It can often seem that digital photography is actively affecting architecture. As if buildings were being made to suit a world in which we can take a lot of good pictures quickly and then ping them around the world via the internet. This is only half the story. If you look at the early paintings of Zaha Hadid we see her explore her beloved construcitivists. She does so by exploding them, fragmenting them and viewing them from multiple viewpoints. Eisenman’s work with Derrida on Chora L Works looks at ways of subverting architecture’s system of delivering a single meaning through formal play.

In this way, architecture lags behind the visual arts. Photography’s influence on early 20th century painting is now clear to us. The Cubists were creating forms which acknowldged a basic tenet of modernity, that objects were perceived simultaneously from a multitude of viewpoints. The architectural movement known as deconstructivism, which began in the 1980s, was merely an architectural rationalisation of this. Of course desconstructivism was an exploration of new technical possibilities in architecture, but it was also an attempt to escape a straightforward meaning.

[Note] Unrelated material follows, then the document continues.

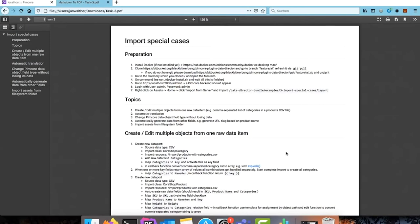Welcome to the third workshop about the Data Director plugin for Pimcore. Today I'd like to speak about some advanced imports which are based on the knowledge from the previous workshops. The first workshop was about how to set up imports in general, and the second one was about the different ways to start those imports. Today I'd like to explain five advanced import features.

Deconstructivism proffers numerous facets to the world at any one time. Look at me this way, I’m one thing. Look at me the other way, I’m another thing. The Deconstructivists sought to escape providing a clear meaning in their architecture; to be captured in one shot and interpreted. Yet digital photography has progressed to such a stage that it can capture all these moments and not only that it can provide the moment that most suits the argument of an editor or a journalist.

Does architecture try and stay one step ahead of its reader? Or should it just give in and express meaning clearly?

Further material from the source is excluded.